Almost a year ago, I stood there with a group of rabbinical students and other young Jewish leaders to voice our dissent. We felt that the Wiesenthal Center’s insistence on building its planned Museum of Tolerance on top of a centuries-old Muslim cemetery betrayed the concept of tolerance at the heart of the museum’s purported mission.

Of course, desecrating a centuries-old cemetery was not the Wiesenthal Center’s intention when it first set its sights on the prime parcel of West Jerusalem real estate. But digging at the site resulted in the discovery of human skeletons and accidentally unearthed a disturbing chapter in Jerusalem’s history: Decades ago, the Jerusalem municipality had built a parking lot on top of a portion of the famed Mamilla cemetery, land that had now been given to the Wiesenthal Center.

The discovery of the human remains gave the center and the city a chance to make amends for a wrong committed long ago — a wrong that I doubt the center’s head, Rabbi Marvin Hier, would ever allow to happen to the Jewish people. Instead, Rabbi Hier dug his heels into that sacred plot of land so deep he could no longer see.

The Wiesenthal Center likes to note that the cemetery had long ago fallen into disuse, and it argues that it had been regarded as deconsecrated by Muslim religious authorities. And it is true that Israel’s Supreme Court has given the Wiesenthal Center the go-ahead to proceed with construction of its museum.

But just because a cemetery has fallen into disuse, does not give the Wiesenthal Center the right to build on centuries-old graves. Nor do religious opinions proffered many decades ago trump the feelings of Palestinians today, who see the construction on this cemetery as an affront to their heritage. And, needless to say, just because something has legal sanction, does not make it right. The Wiesenthal Center is an institution that purports to operate based upon values, but when it comes to this issue, it has refused to operate on that level.

Watching this shande unfold, my peers and I felt let down by the leaders of the American Jewish community. Where were the community relations organizations that have historically fought for equality and tolerance, and who would never countenance the desecration of a Jewish graveyard, anywhere in the world? They were silent.

One striking exception was Rabbi Eric Yoffie, president of the Union for Reform Judaism, who wrote a powerful op-ed for the JTA asserting that “there is something perverse and ironic about building a monument to tolerance that will be a permanent source of tension in the region and that undermines the mutual respect and trust that tolerance requires.”
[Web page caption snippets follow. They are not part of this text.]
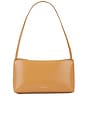 view 1 of 4 BOLSO HOMBRO GAIA in Caramel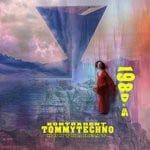 cover: Tommytechno - Kontrahent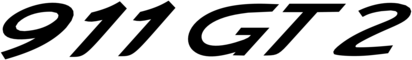 911 GT2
Since few of Yoffie’s colleagues were willing to demonstrate similar courage, our group of rabbinical students and Jewish educators decided that if the mainstream American Jewish organizations would not take a stand for their own principles, then we would add our voices to the chorus of Israelis and Palestinians speaking out against the museum. Like the Mishna says, “In a place where there is no human, strive to be human.”

I was blown away by the support we received — 70 future rabbis, educators and Jewish leaders came to the demonstration from a dozen institutions. People who disagree on many issues were able to put aside their differences for this cause. Many had never been to a demonstration of any kind, let alone one that could be seen as supportive of Palestinians, their supposed sworn enemy. The indubitable justice of our cause created unprecedented unity. Moreover, this case cut at the heart of the myth that any affront to Palestinian dignity is necessarily done in the interest of security.

Frank Gehry has insisted that he withdrew from the museum project not because of “perceived political sensitivities,” but rather because his firm was unable to commit its resources to a cost-cutting “redesign” of the museum. He said that he continues to “admire” Hier’s “determination to establish a Museum of Tolerance in Jerusalem that will serve as the embodiment of human respect and compassion.”

Hier, for his part, has said that the project will go forward on the site with a new design at half the size and half the cost. But the new plan will neither halve nor diminish in any way the profound damage of this project. Building on this cemetery denies Palestinian history and humanity — it will leave an irreversible scar on Jerusalem. The museum will never be an “embodiment of human respect and compassion” at this location.

While Rabbi Hier is concerned with cutting costs, he fails to realize that he has much bigger problems. Those 70 rabbinical students and Jewish educators are the next generation of American Jewish leadership, and they will be building new institutions that do more than pay lip service to the ideals of tolerance.

Alana Alpert is a community organizer and rabbinical student at Hebrew College.